Mr Shapps said: “That obviously does then lead you into the question of ‘well, how are you going to recognise the cyclist, do you need registration plates and insurance and that sort of thing’. So I’m proposing there should be a review of insurance and how you actually track cyclists who do break the laws [via identifiable markings].”
According to the Mail’s article: “A poll of 1,500 drivers by motoring campaign group Fair Fuel UK found 91 per cent supported cyclists being forced to 'have road registration IDs'. Another 70 per cent backed them having insurance and 80 per cent supported speeding penalties.”
This poll, which remains open to respondents at the time of writing, was shared by Fair Fuel UK founder Howard Cox, who in a tweet described the online survey as “open to all”.
He told Full Fact: “No surprises most drivers tend to agree with [Mr Shapps’s] plans to scrutinise bad cycling. The poll clearly shows visual registration identification of cyclists is preferred. No one can contest that.”
But the survey’s results can’t be said to be representative of the views of drivers in general. This is because the results of the survey may be affected by self-selection bias, when the people who choose to answer a survey are not a typical selection of that group of people more widely, and thus might express different opinions from the group as a whole.
So this poll does not show that 91% of all drivers support this measure, only that 91% of those who took the survey and identified themselves as drivers do.
In this case, the poll was shared on social media by Mr Cox and Fair Fuel UK, and therefore was most likely to have been seen by supporters of that group. Fair Fuel UK describes itself as “fighting for fairer fuel taxation”.Mr Cox acknowledged that the survey was self-selected, and described it as “a quick dipstick look at Grant Shapps’ announcement.”

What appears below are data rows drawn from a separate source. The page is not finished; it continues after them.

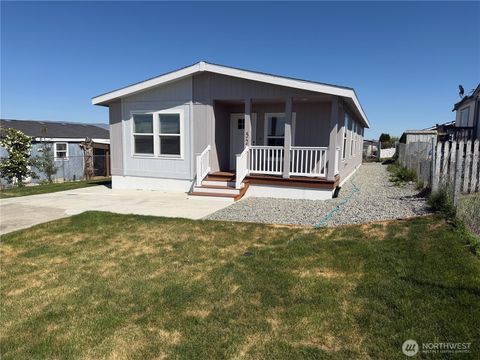 Photo of 402 Maple Avenue #52, Sunnyside, WA 98944 (MLS # 2519321)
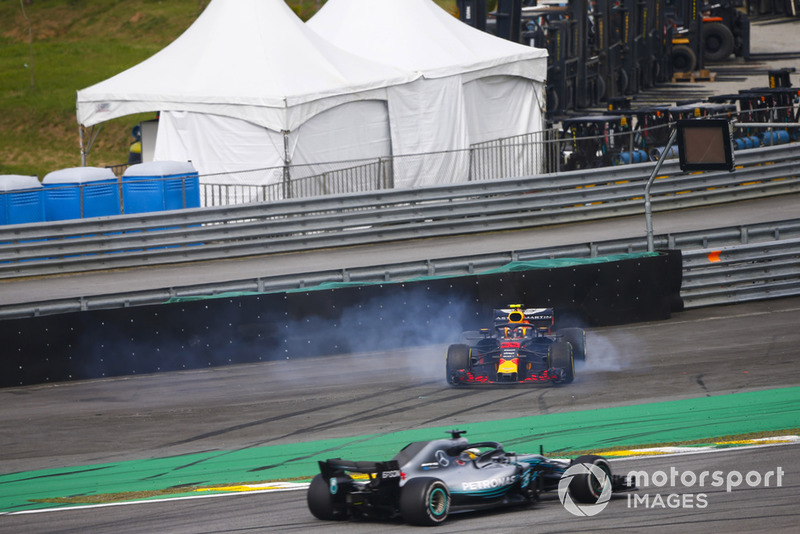 Lewis Hamilton, Mercedes AMG F1 W09, spin atan Max Verstappen, Red Bull Racing RB14 Tag Heuer ve Esteban Ocon, Force India VJM11 Mercedes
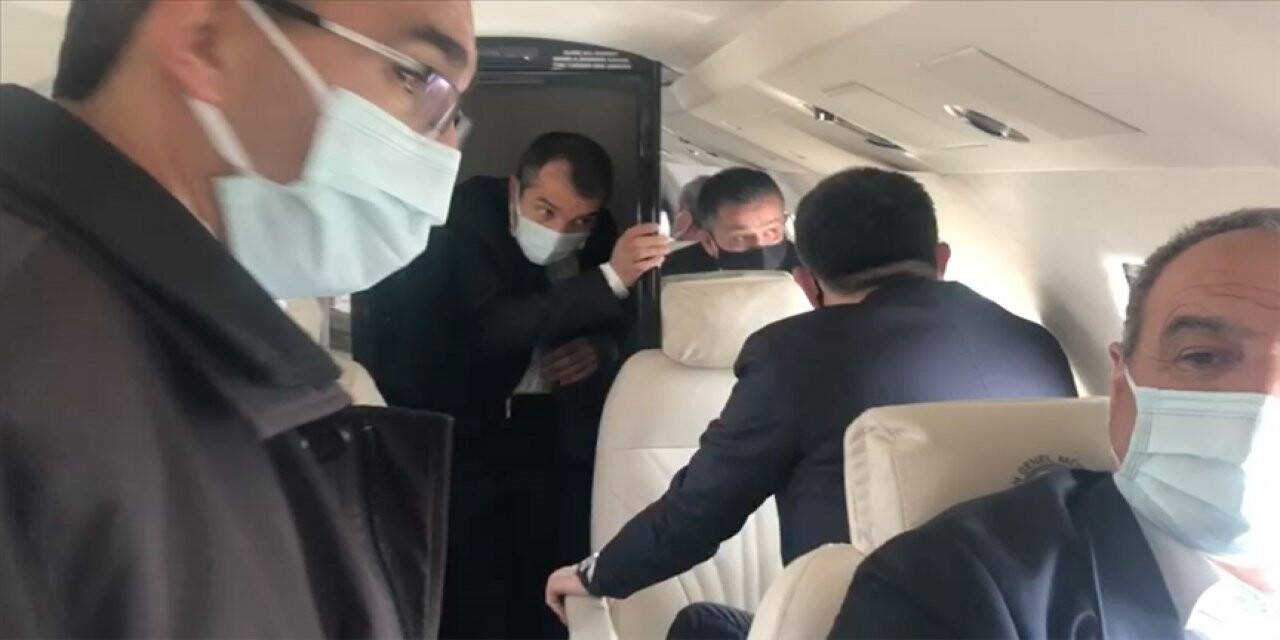Bakan Bekir Pakdemirli'nin uçağı havada arızalandı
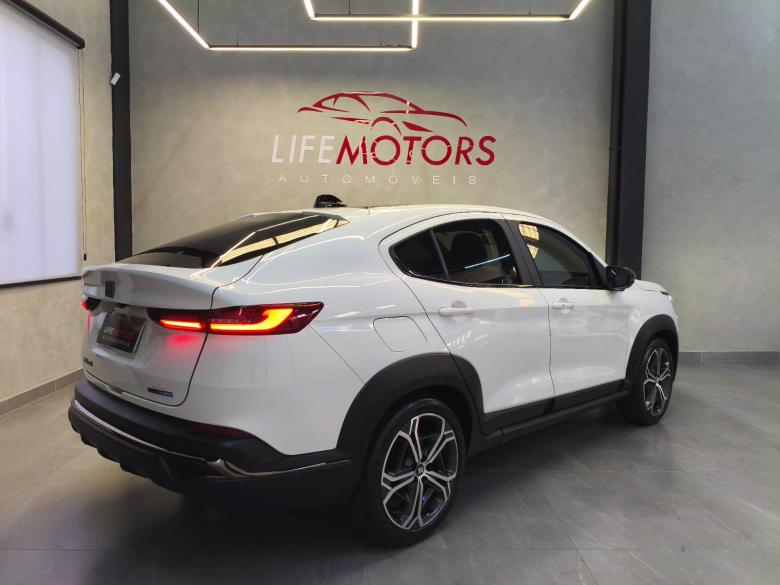 Fiat - FIAT / FASTBACK IMPETUS 200T HIBRIDO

Sometimes self-selection bias is corrected for by using quotas or weighting respondents so the profile of respondents (such as their age or gender) matches the profile of the wider population of interest.
But in this case, the only demographic information captured which would allow you to quota or weight the results was location, meaning the survey can’t be said to represent all drivers.
We’ve written about the issue of self-selection bias in surveys a number of times before, including in a poll about teachers’ mental health, and a survey about GP retirement plans.
In addition, the poll did not explicitly ask respondents whether they felt cyclists should be “forced” to have registration plates, as the Daily Mail reported, but only whether they supported the idea of “registration IDs”.
Full Fact has contacted the Daily Mail for comment.